The ZebPay exchange declined comment. Additionally, the other exchanges did not immediately respond to requests for comment. Sathvik Vishwanath, the co-founder and CEO of Unocoin, another Indian exchange, has meanwhile declared that the new tax law affected the market.

“People earning less than Rs 1,000,000 (about $13,000) per year are affected by a 30% fixed income tax on crypto. 1% TDS affects market makers and liquidity providers. Both are necessary for a better crypto ecosystem in India. »

Sathvik Vishwanath, co-founder and CEO of Indian exchange Unocoin

Anton Gulin, regional head of crypto exchange AAX, said the drop in volume should reverse in the near term.

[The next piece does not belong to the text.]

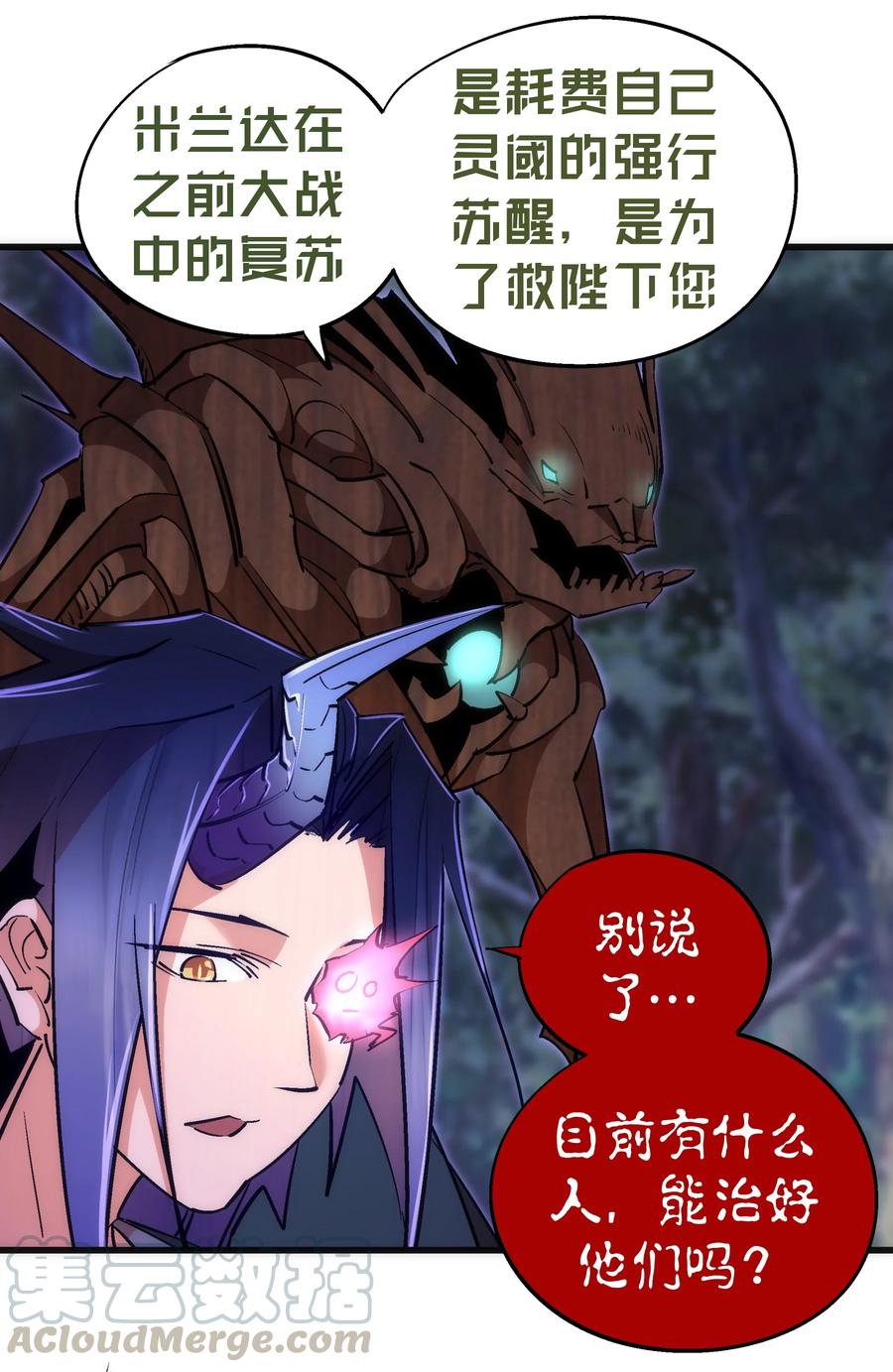 我不是大魔王 - 077 新的旅程！ - 第10张图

“The AAX exchange has also seen an outflow of active Indian users over the past few weeks. However, I think the tax rate could be revised to attract more taxpayers, as this is the ultimate goal of any government. »

Anton Gulin, regional manager of crypto exchange AAX

Trading volumes are crashing in India following cryptocurrency regulation.

Johnny Lyu, CEO of trading platform, KuCoin, said some beginners are less inclined to invest in crypto in the short term.

“KuCoin did not register any outflow, however, according to internal data. This can be explained by the higher degree of crypto nativeness among our users (…) The new law will affect the mood and behavior of the market in the short term, but it will be difficult to block the adoption of crypto at long term. »

Johnny Lyu, CEO of the KuCoin trading platform

Although the recent regulation of cryptocurrencies in India has obviously caused trading volumes to drop, this should only be temporary. Indeed, these new laws have at least the merit of define a clear framework for crypto-assets. As a result, many investors could put their suitcases in the country. It is in any case the case of the exchange Coinbase who decided to invest a million dollars in the country.